What’s more interesting, though, is what has happened to union membership in Wisconsin since passing CBA reform. Wisconsin membership in the American Federation of State, County and Municipal Employees (AFSCME) — the state’s second-largest public sector union after the National Education Association (NEA), which represents teachers — fell to 28,745 in February 2012 from 62,818 in March 2011.
Let me repeat that: After Walker passed CBA reform, the state public sector employee union contracted by more than 50%! The Wisconsin affiliate of the NEA has declined to comment on any membership change.

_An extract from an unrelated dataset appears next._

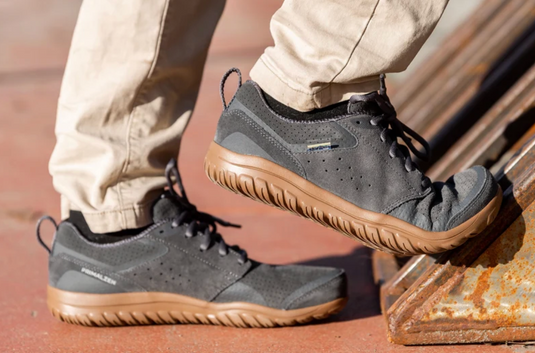 A person wearing dark gray suede and mesh outdoor shoes with tan soles, standing on a rusty metal structure. The brand name, Lems is visible on the side of the shoe.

A provision of the Walker law that eliminated automatic dues collection is what hurt union membership. When a public sector contract expires, the state now stops automatically collecting dues from the affected workers’ paychecks unless they say they want those dues taken out. In many cases, the union dropped members from its rolls after it failed to get them to affirm they want dues collected.
So let me get this straight; when rank-and-file public sector union members are finally presented with an opportunity (or more like given the right) to break away from their union bosses and keep more of their own paycheck, they are evidently doing so in droves. Today, just one in eight American workers is a union member compared with more than one in three in the mid-1950s.
If that’s the case, then as I stated in the beginning, we must now ask ourselves two questions: Have unions outlasted their necessity? And have union bosses become greedy? I believe the events we are witnessing in Illinois and Wisconsin answer those questions loud and clear.